● Work task:
Each line from the one that holds "Close up portrait" to the end of the records is to be retyped exactly. Pictures are not part of the copy.

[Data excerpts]

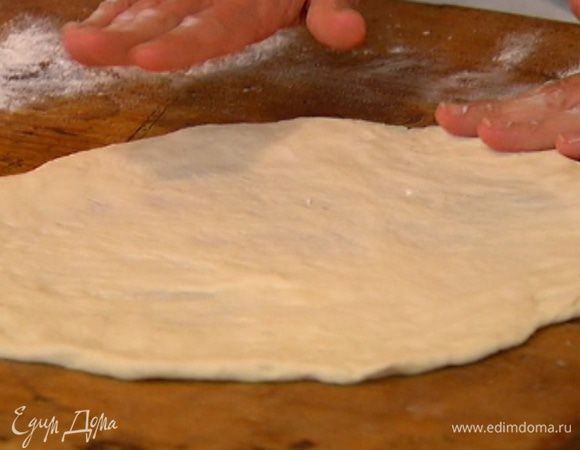 Раскатать тесто в тонкий пласт. Перевернуть противень вверх дном, присыпать его мукой и выложить на перевернутый противень раскатанное тесто.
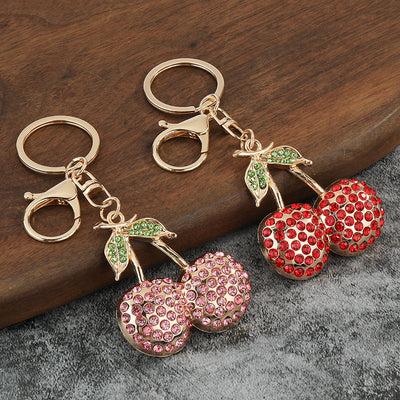 Red and pink rhinestone cherry keychains on wood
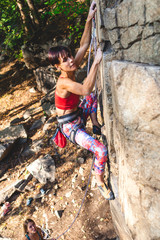 girl climber on a rock.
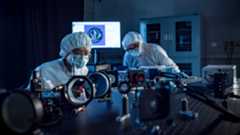 Two people wearing blue clean suits and masks bend over a laser table full of mirrors, lenses, and lasers
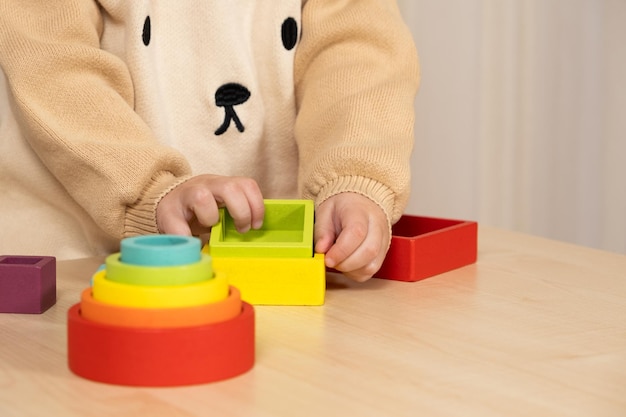 Little boy playing with wooden multicolored Montessori toys Hands closeup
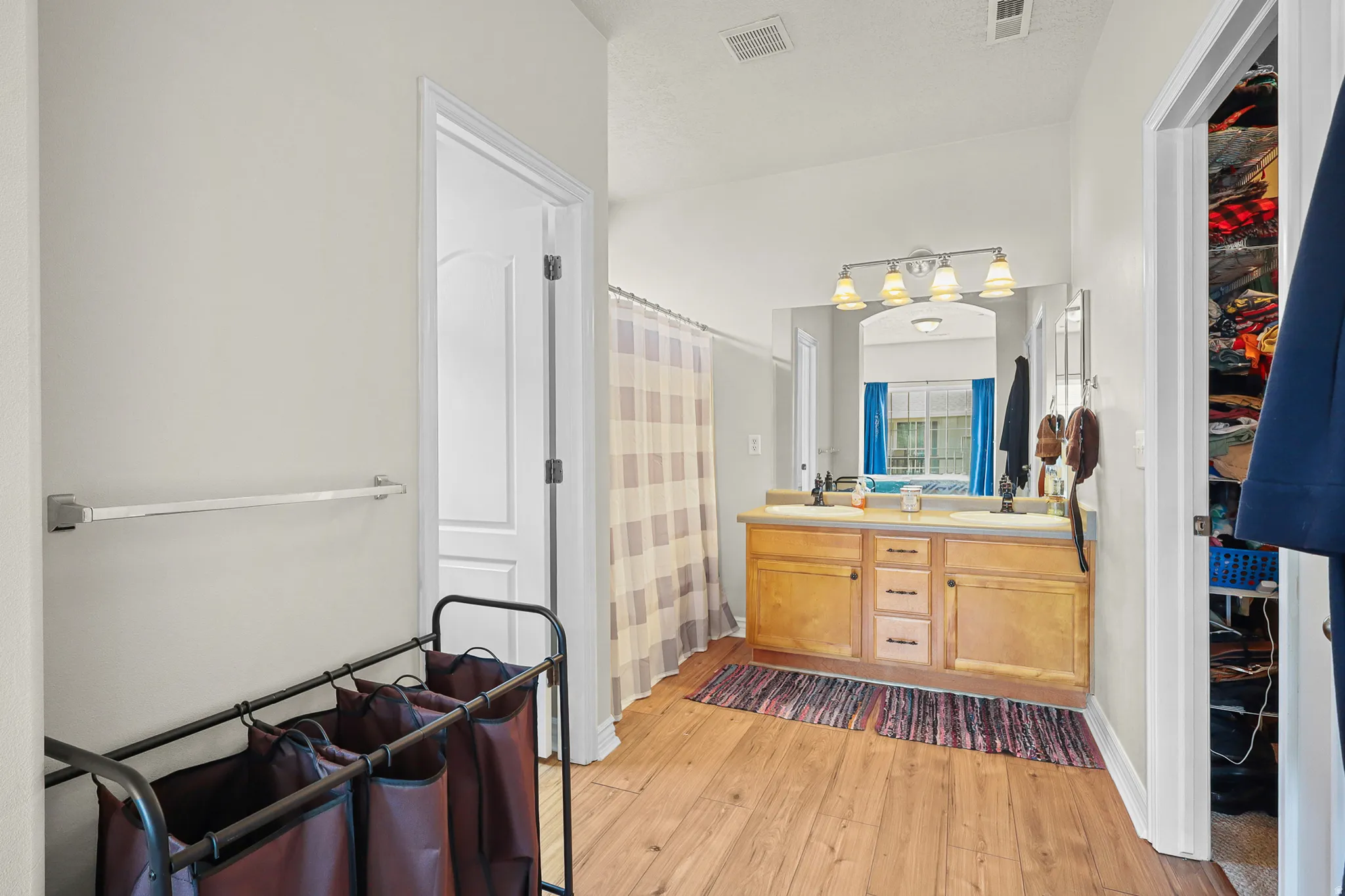 Bathroom featuring a double vanity with light wood cabinetry, dual undermount sinks, and a shared mirror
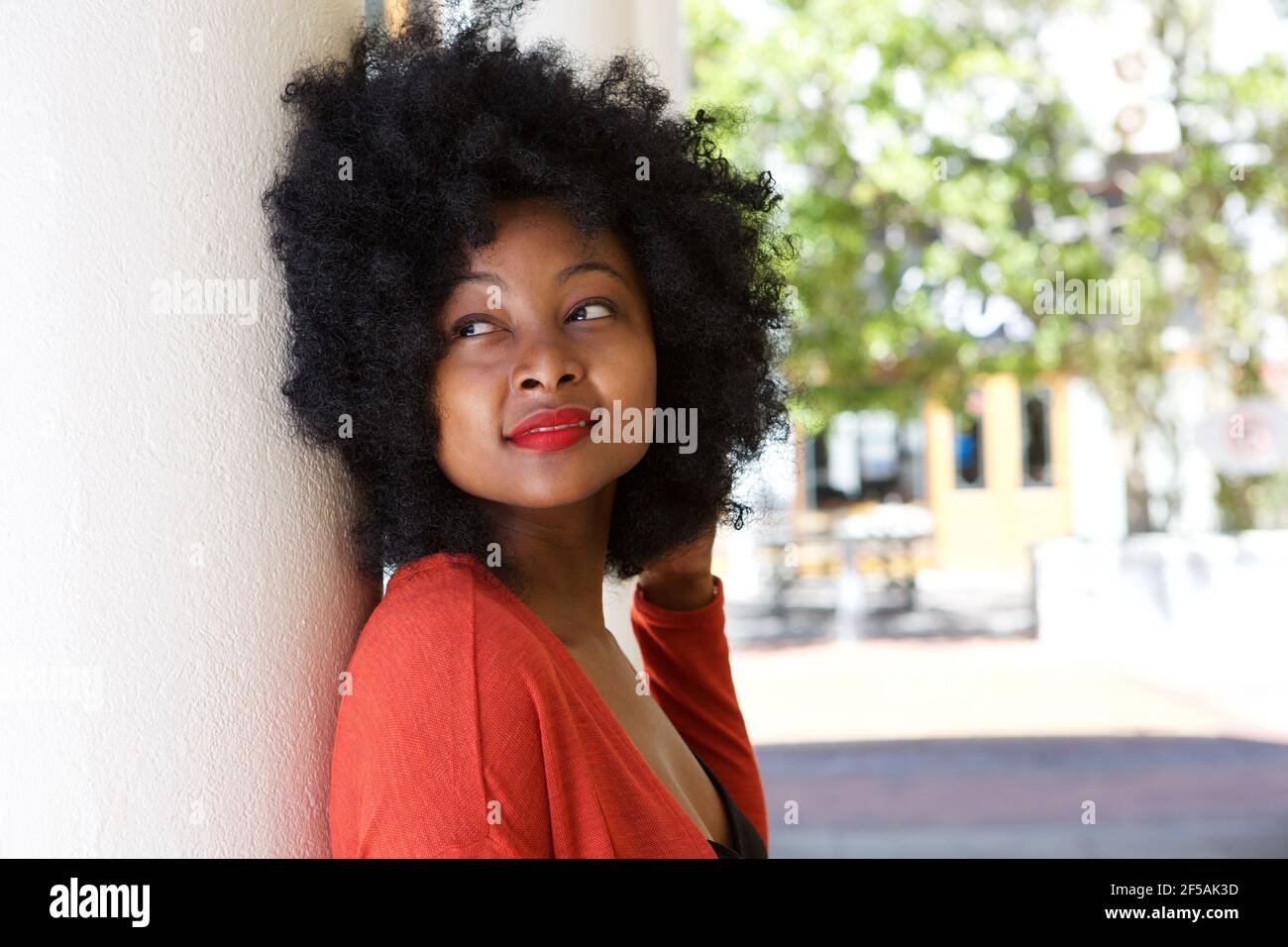 Close up portrait of young woman outside leaning against wall daydreaming Stock Photo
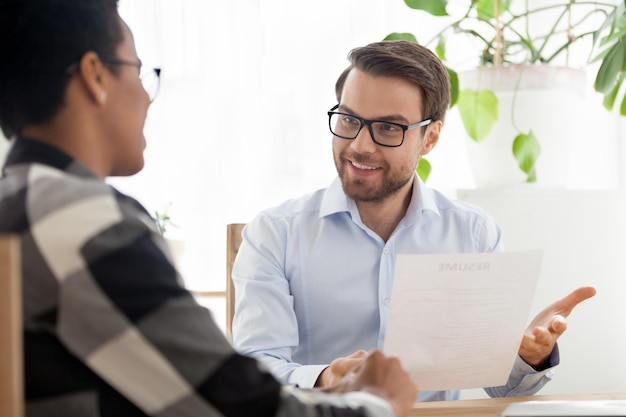 Happy male CEO or boss holding applicant resume talking with black female employee at interview HR manager satisfied with candidate experience African American girl make good first impression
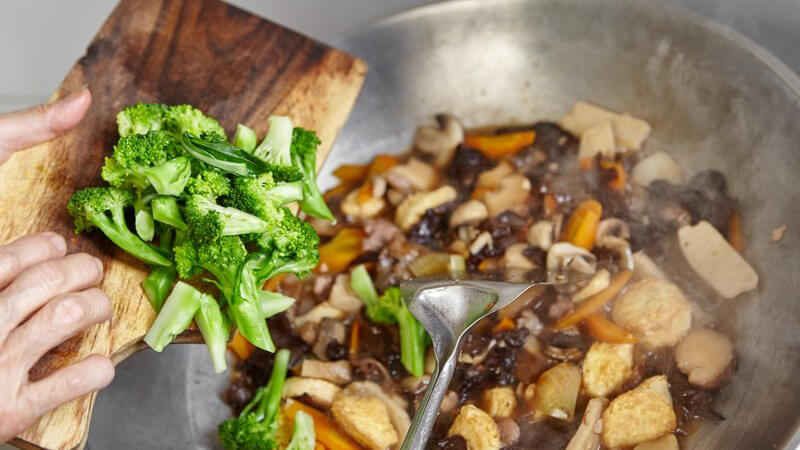 Brokkoli-Röschen werden von einem Holzbrett in den Wok gegeben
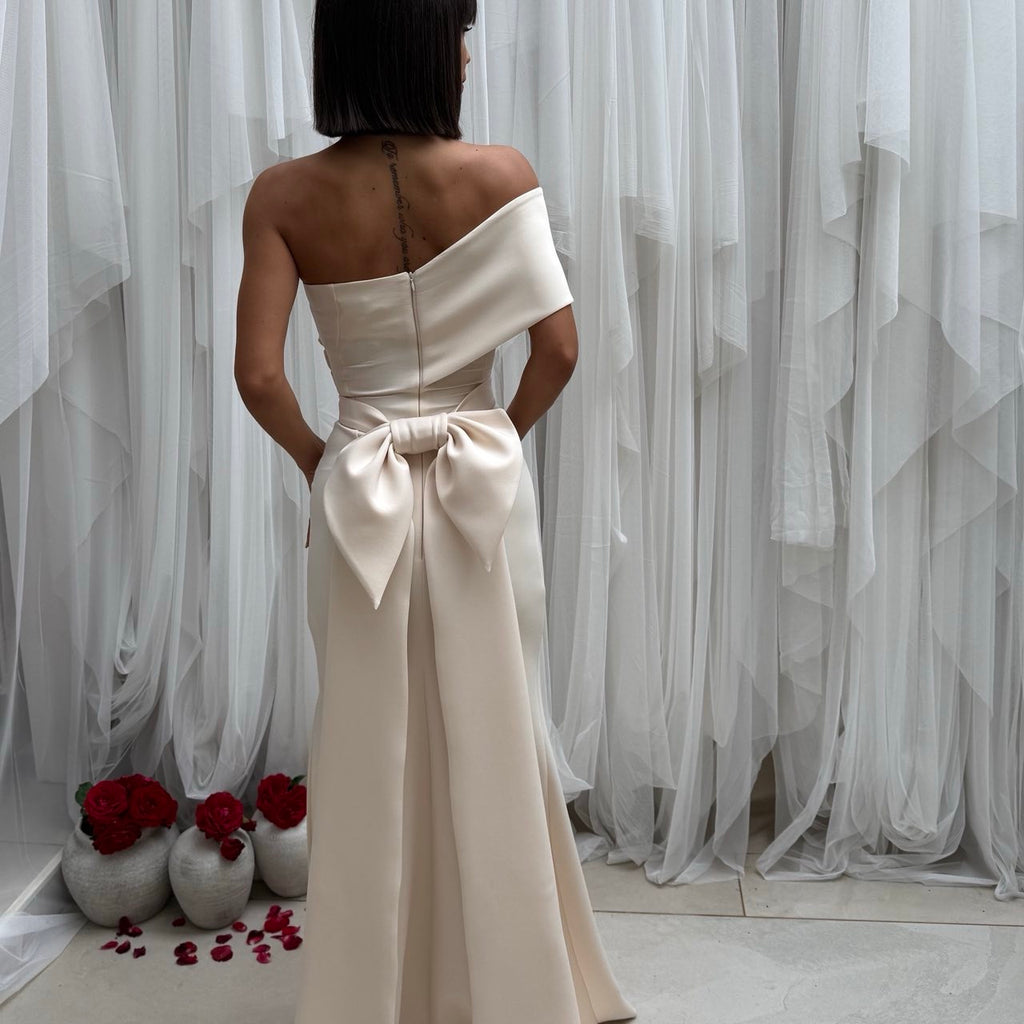 woman in elegant off shoulder cream dress with large bow back woman in elegant off shoulder cream dress with large bow back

● Completed task:
 Close up portrait of young woman outside leaning against wall daydreaming Stock Photo
 Happy male CEO or boss holding applicant resume talking with black female employee at interview HR manager satisfied with candidate experience African American girl make good first impression
 Brokkoli-Röschen werden von einem Holzbrett in den Wok gegeben
 woman in elegant off shoulder cream dress with large bow back woman in elegant off shoulder cream dress with large bow back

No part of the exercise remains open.